WORK ITEM:
Pictures are to be omitted. Output only the lines from the one containing "为考生梦想护航 济南公交在行动" through the end of the data, word for word.

[GIVEN DATA Boundary: Start]

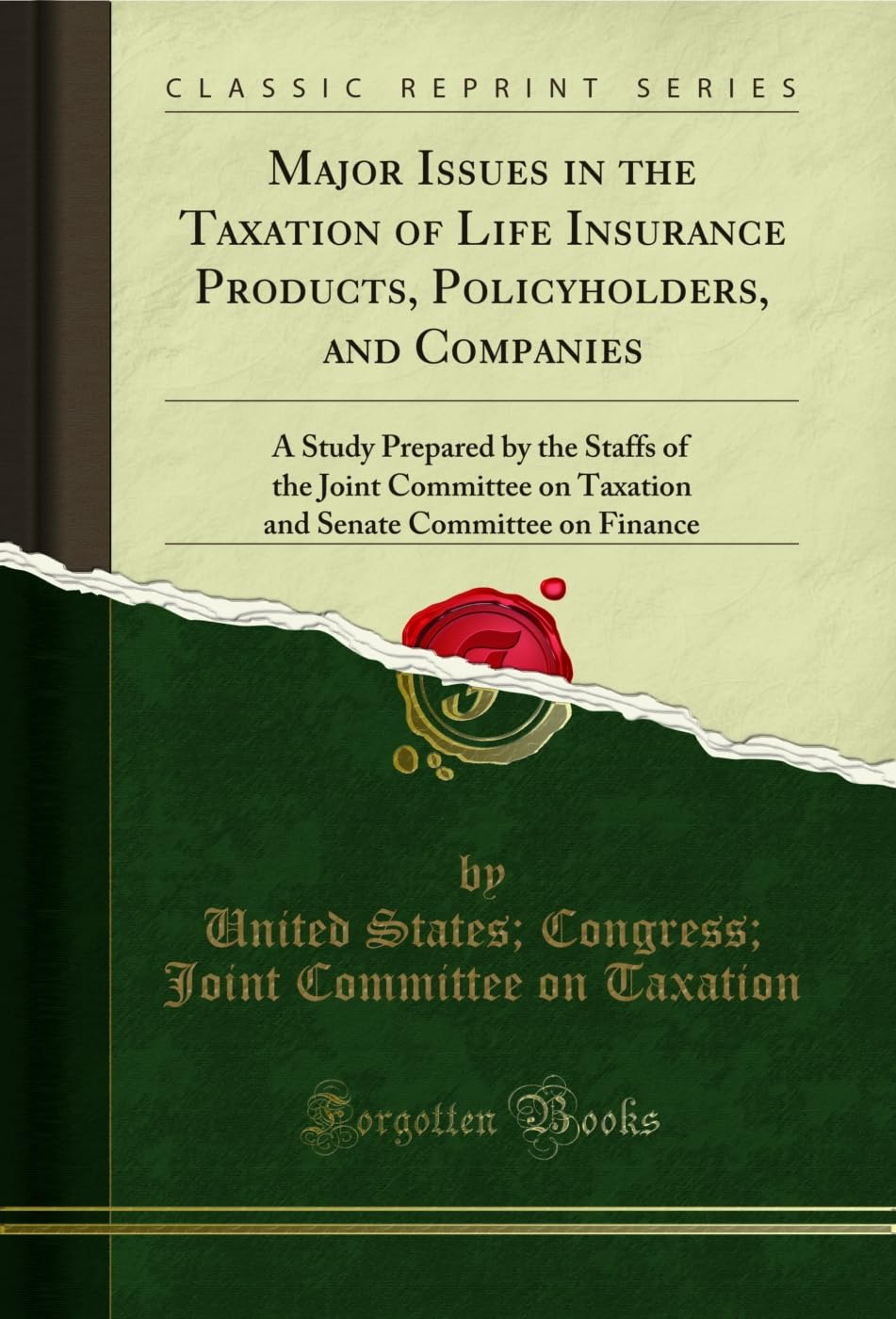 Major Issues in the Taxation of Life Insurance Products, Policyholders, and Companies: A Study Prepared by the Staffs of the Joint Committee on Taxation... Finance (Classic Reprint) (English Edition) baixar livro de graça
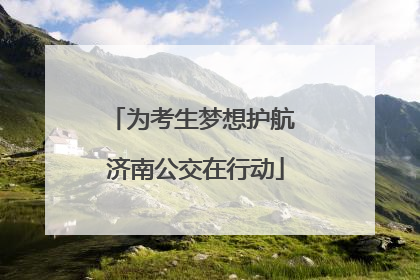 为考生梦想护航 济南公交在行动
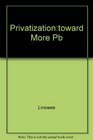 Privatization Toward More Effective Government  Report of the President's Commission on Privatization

[GIVEN DATA Boundary: End]

OUTPUT BELOW:
 为考生梦想护航 济南公交在行动
 Privatization Toward More Effective Government  Report of the President's Commission on Privatization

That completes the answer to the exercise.